LA ROMA que conocemos, esa ciudad fastuosa y monumental, se debe en buena parte a dos tipos que se odiaron, los artistas Gian Lorenzo Bernini y Francesco Borromini, arquitectos y escultores. Se odiaron con tal dedicación, con tanta inspiración y talento, que casi fue una suerte para la capital italiana. A base de competir, acabaron inventando el Barroco.
No podían ser más distintos. Nacieron cada uno en una punta de Italia. Bernini en Nápoles, Borromini en el lago de Lugano, ahora Suiza. Por azar o destino, lo cierto es que en esta historia uno parece tocado por la fortuna, Bernini. En cambio, Borromini es una figura trágica, perseguido por la mala suerte hasta el último día, porque se suicidó de forma chapucera. Eso hace a los dos atractivos y es difícil tomar partido por uno, una tradición romana. La gente se hace de uno u otro, como de dos equipos. Bernini era extrovertido, agudo y brillante, protegido de los papas y un genio natural, que un día esculpía, otro pintaba y al tercero escribía una comedia.
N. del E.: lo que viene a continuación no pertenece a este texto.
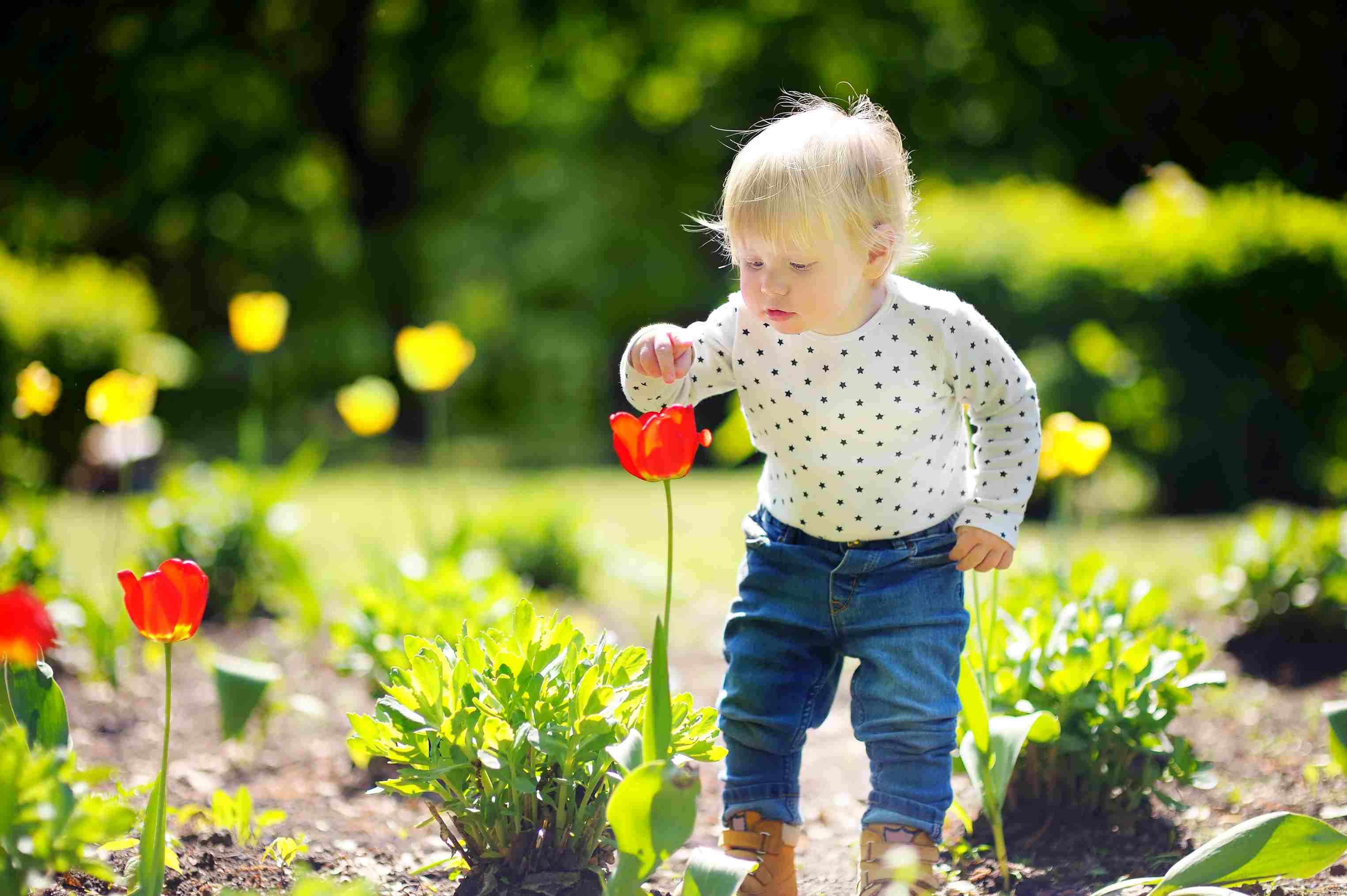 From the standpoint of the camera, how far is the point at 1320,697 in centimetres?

Era rico, mujeriego y trasnochador. Luego se casó felizmente y tuvo 11 hijos. Borromini, en cambio, tenía un talante silencioso, cerebral, era muy religioso, célibe, quizá homosexual. Siempre vestido de negro, de carácter difícil, con broncas fijas con quien le encargaba un trabajo. Si Bernini seducía a la gente, Borromini la asustaba. Al primero se le acababa perdonando todo, del segundo se terminaban hartando todos.
El cruce de sus biografías casi hace realidad el tópico inventado de la película Amadeus entre Mozart y Salieri. Los dos coincidieron en Roma en su juventud, aunque Bernini ya era célebre desde su adolescencia. Se lo llevaron al papa Pablo V con 13 años, le pidió que le dibujara una cabeza y proclamó: “¡Este niño será el Miguel Ángel de su época!”. Se puede experimentar el impacto de su talento, lo que era capaz de hacer con el mármol, en la Galleria Borghese. La mano sobre el muslo de Proserpina o Dafne convirtiéndose en un árbol de laurel dejan con la boca abierta. Pero ya no hay mandíbula suficiente cuando uno se entera de que las esculpió con 20 años.
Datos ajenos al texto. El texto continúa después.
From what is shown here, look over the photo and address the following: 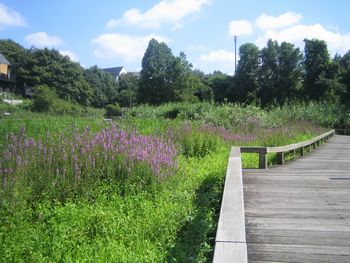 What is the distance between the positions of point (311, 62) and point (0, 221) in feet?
157

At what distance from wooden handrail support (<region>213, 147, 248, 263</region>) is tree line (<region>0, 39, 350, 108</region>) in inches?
1466

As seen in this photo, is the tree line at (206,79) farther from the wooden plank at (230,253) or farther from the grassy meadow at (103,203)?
the wooden plank at (230,253)

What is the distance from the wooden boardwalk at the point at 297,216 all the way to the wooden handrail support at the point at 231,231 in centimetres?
42

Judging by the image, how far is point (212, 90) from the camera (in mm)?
60281

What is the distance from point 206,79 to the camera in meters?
69.7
Borromini llegó a la ciudad con 19 años desde Milán, donde había aprendido el oficio en el Duomo. Se convirtió en la mano derecha de Carlo Maderno, el arquitecto que remataba la basílica de San Pedro. En 1624 apareció por allí, porque lo impuso el papa Urbano VIII, un escultor impertinente con escuetas nociones de arquitectura, Bernini. Dentro de la mole de San Pedro, la estrella era el baldaquino que debía levantarse sobre el lugar donde, según la tradición, descansaban los restos del santo. El Vaticano organizó un concurso, aunque se sospechaba que ya estaba decidido. En efecto, se han encontrado documentos de 10 días antes del fin del plazo en los que Bernini ya encargaba los materiales. En realidad, como arquitecto solo había hecho pinitos, y apenas cuatro meses antes había recibido su primer encargo de una pequeña iglesia, Santa Bibiana. Para Maderno y Borromini, que era su número dos, era humillante.
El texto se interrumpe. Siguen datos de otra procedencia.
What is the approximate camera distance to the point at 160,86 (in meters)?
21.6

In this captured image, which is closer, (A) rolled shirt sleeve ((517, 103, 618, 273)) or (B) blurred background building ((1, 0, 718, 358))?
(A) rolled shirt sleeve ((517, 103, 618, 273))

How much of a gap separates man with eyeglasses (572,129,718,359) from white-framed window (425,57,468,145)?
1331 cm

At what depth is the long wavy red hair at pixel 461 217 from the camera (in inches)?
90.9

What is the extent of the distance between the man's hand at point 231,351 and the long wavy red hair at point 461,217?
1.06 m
Pero era solo el principio. Cuando murió su maestro, en 1629, Borromini esperaba heredar su puesto de arquitecto de la fabbrica de San Pedro. Toda Roma menos él sabía que el puesto sería para Bernini. El experto Jake Morrissey apunta que la cualidad esencial de Borromini, excelsa como artista pero fatal para las relaciones públicas, era la de tener su propio mundo, una absoluta abstracción de la realidad. Fue un trauma, pero aceptó trabajar para Bernini de asistente. Colaboraron cinco años más y entre los dos acometieron los dos grandes proyectos del momento, San Pedro y el palacio Barberini, de la familia del Papa. Ambos contaban solo 30 años, algo inédito en la historia de Roma.